Avnet COO, Rick Hamada, touched down in Australia recently to coincide with the distributor's acquisition of local networking security specialist, ChannelWorx. ARN took the opportunity to talk global distribution trends and local strategy with Hamada and Avnet's country manager, Gavin Lawless.
Avnet is best known as a high-end distributor but has been encouraging its resellers to engage in the SMB market. What progress has been made and how difficult is it to take your model into that space?
Gavin Lawless (GL): From a local perspective, our sweet spot is tier-two resellers offering complex solutions in the enterprise and commercial markets. We are helping partners grow their business by selling solutions that are slightly ahead of the technology curve. We see a lot of growth in tier-twos embracing SANs, virtualisation and niche security solutions. We are working with new partners all the time but our intention is not to grow a new channel. A lot of tier-two VARs don't have the capacity to sell things like blades so they use us to train their staff and engage the vendors. That helps us become more entrenched.
Broad-based distributors are also getting involved in the value distribution market. What impact has this had?
Rick Hamada (RH): We have seen Ingram Micro and Tech Data in the US building solution segments within their broad-based model but it tends to be a subset of their line card and to date it hasn't really affected our overall business. Value-add is a tough model when you are only making 5-6 per cent gross margin. What complex strategies can you afford to invest in? They are good businesses that are run well but their architecture is different.
For a global distribution giant, Avnet has a relatively small business in Australia considering how mature the market is. Why do you think that is and how are you going to change it?
RH: Our original investment in Australia was a systems integrator called Intergrand in 1999. That business then became a master reseller and we have only had 3-4 years in Australia as a pure distributor. We need to make sure we leverage relationships with key global vendors such as HP and IBM.
GL: It took a couple of years to bed down but we have become a lot more aggressive during the last 12-18 months. We have a strategy to grow our technology solutions around four key areas - IBM, HP, networking security, and storage. [Recent acquisition] ChannelWorx will become the cornerstone of our networking security practice. We will continue to look at other opportunities where they make sense. Our HP business has grown significantly and was up 92 per cent in the last financial year. We are becoming well known as a distributor to go to for complex HP solutions. Resellers use Ingram Micro and Dicker Data for entry-level products but our growth is in solution-based sales. We have signed more vendors, and will continue to look at other organisations that complement our business, but we are not broad-based and we never will be.
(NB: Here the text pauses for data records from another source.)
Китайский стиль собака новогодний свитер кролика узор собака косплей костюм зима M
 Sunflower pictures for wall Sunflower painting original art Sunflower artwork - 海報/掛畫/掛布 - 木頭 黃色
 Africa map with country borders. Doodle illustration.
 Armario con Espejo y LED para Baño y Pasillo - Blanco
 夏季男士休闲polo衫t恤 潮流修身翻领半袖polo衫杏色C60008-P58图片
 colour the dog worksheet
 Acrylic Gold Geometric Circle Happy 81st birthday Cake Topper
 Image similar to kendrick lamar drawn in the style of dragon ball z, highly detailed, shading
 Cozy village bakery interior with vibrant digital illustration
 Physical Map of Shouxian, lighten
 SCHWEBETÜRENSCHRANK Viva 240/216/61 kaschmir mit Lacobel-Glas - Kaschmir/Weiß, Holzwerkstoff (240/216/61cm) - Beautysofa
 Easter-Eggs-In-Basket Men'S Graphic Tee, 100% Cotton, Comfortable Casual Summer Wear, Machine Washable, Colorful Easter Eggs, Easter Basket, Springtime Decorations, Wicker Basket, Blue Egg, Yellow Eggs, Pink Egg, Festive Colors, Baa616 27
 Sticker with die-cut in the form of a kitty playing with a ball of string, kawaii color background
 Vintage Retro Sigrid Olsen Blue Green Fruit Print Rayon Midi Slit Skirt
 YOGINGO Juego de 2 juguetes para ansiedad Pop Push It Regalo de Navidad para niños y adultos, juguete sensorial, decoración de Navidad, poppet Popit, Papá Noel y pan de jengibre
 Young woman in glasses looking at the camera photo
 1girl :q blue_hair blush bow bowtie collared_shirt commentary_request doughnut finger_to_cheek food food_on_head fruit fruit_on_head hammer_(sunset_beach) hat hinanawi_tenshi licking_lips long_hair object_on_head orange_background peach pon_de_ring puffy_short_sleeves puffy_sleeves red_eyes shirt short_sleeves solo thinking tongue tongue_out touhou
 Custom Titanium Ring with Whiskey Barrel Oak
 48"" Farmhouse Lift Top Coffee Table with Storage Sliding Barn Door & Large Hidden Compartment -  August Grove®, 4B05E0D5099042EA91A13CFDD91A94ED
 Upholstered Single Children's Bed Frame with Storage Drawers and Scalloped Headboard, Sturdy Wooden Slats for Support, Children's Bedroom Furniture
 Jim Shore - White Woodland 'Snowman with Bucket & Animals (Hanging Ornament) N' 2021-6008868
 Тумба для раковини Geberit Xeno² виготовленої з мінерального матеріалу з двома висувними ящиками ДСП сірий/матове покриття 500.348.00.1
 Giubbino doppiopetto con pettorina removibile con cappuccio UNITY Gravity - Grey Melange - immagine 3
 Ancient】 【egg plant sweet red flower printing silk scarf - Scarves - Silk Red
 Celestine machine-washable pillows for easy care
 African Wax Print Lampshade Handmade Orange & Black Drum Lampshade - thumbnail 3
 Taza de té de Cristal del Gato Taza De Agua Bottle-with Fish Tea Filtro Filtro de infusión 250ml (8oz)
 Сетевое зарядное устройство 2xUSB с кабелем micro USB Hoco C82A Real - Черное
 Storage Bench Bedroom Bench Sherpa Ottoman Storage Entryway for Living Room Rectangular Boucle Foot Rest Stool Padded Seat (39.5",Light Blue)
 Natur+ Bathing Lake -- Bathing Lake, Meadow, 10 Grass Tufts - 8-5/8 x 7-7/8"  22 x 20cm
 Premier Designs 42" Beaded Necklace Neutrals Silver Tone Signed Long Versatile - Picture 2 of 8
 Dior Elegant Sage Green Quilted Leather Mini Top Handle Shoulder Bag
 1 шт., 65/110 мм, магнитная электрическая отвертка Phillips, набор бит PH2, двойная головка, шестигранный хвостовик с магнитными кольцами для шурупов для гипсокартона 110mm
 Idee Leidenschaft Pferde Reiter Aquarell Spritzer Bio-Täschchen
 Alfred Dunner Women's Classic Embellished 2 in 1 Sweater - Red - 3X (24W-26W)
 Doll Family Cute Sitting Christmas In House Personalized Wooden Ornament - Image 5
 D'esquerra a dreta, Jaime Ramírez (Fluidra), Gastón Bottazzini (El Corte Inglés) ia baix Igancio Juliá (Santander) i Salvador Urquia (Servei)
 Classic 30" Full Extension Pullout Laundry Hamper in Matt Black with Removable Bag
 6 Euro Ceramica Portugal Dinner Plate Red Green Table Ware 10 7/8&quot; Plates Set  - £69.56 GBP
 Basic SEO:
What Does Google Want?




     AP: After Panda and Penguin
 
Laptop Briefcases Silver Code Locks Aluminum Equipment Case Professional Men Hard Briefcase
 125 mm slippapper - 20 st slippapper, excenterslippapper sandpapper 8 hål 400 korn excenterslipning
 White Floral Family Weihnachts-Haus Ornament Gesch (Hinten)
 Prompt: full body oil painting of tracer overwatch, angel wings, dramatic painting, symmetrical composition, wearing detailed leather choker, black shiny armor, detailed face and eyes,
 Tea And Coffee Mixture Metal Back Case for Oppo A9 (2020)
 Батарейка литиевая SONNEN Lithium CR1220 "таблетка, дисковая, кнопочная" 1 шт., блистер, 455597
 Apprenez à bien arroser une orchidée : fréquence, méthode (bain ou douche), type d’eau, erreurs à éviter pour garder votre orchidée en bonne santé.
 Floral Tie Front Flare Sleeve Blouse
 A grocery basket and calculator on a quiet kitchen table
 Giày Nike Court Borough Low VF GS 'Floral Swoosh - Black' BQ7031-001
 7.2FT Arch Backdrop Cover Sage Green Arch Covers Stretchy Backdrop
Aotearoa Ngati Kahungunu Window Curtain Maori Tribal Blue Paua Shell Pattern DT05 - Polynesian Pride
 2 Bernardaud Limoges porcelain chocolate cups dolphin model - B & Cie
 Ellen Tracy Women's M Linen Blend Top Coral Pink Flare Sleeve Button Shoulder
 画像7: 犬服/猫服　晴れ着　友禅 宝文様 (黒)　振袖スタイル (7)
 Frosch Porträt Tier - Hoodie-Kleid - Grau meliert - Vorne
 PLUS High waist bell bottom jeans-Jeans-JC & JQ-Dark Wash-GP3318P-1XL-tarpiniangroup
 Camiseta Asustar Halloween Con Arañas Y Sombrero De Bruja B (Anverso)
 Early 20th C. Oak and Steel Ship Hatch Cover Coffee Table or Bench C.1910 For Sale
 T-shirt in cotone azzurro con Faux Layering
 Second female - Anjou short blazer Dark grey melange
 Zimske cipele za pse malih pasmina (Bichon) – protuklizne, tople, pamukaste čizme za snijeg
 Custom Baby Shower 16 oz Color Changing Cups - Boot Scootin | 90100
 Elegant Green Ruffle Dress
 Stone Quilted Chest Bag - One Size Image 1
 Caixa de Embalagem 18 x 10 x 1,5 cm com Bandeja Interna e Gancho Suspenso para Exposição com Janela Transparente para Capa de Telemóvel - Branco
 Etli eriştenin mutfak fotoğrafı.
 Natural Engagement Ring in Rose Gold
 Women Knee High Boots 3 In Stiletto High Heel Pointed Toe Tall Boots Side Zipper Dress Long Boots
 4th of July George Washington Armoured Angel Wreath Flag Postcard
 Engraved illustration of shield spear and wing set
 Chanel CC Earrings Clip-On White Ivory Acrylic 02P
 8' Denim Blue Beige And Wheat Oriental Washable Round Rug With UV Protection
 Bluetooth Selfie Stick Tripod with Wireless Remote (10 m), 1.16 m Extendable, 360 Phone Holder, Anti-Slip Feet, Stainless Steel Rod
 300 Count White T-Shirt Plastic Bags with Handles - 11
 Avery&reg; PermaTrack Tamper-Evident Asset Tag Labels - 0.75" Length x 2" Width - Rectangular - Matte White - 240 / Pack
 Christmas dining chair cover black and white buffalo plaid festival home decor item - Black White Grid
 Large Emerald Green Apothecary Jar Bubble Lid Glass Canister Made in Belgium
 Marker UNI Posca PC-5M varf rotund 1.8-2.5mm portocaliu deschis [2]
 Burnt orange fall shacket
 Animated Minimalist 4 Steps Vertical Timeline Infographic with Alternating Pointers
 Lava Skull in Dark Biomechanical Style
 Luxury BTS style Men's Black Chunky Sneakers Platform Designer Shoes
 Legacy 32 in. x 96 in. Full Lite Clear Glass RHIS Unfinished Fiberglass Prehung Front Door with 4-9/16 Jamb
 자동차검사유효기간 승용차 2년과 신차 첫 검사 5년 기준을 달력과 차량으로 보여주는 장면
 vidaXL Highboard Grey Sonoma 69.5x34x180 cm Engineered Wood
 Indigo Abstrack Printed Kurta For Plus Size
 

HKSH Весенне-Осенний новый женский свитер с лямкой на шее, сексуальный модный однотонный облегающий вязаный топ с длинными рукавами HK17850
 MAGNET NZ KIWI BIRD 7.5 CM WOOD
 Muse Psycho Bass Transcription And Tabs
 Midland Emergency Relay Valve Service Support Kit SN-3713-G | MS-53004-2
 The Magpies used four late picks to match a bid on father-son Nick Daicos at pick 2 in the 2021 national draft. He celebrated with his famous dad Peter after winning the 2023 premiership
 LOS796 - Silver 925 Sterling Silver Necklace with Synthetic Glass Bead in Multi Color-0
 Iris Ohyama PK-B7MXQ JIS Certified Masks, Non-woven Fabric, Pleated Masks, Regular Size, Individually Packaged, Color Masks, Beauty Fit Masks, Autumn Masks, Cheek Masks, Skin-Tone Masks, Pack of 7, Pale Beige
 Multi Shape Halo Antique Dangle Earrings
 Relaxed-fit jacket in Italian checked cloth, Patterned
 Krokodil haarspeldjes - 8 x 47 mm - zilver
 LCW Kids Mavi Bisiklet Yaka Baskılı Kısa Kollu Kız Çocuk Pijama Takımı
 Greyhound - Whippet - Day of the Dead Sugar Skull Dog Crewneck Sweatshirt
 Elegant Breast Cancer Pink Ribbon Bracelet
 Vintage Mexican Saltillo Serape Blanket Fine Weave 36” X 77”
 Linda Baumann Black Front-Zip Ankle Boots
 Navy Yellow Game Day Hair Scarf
Are you interested in acquiring Cellnet?
GL: The Cellnet business is not aligned to ours. We have a bigger and bigger industry standard server business, and that's very exciting for us, but we are getting such extensive organic growth that I don't think [buying Cellnet] would make a huge amount of sense. Quite frankly, we are not interested in commodity products.
Are you seeing a trend for major vendors to work with fewer distributors?
RH: Top-tier vendors want to leverage relationships as globally as possible. I don't think we will ever get to a situation where those vendors work with a single distributor around the world but it makes sense to build on existing relationships in other geographies and share information.
What trends are you seeing in the evolution of value-added distribution?
RH: More solutions-oriented distribution is driving IT spending. There are so many choices in technology now that you need to go through before making recommendations. The more the industry adopts industry standards, the more opportunity there is to create value. Some distributors are going deeper into the specialty route, such as wireless and mobility, and others are tackling vertical opportunities. In the US we have just launched HealthPath, which teaches VARs how to sell to the healthcare market. We are all looking at ways to get deeper into solutions. We don't mandate global strategy at Avnet but we share experiences between our business units.
Are you seeing consolidation in distributor numbers around the world?
RH: In the US it's basically Avnet and Arrow in enterprise distribution, and it's shaping up the same way in Europe, but Asia-Pacific is still a wide open space. Azure [which Avnet acquired in April] is only our second enterprise presence in the region after Australia.
What is the biggest challenge to your business today?
RH: Growth. We have great coverage in markets that appear to be growing mid single-digit but we want to outgrow those markets. Increased customer benefit, customer expansion and vendor expansion occupy a lot of my thinking time.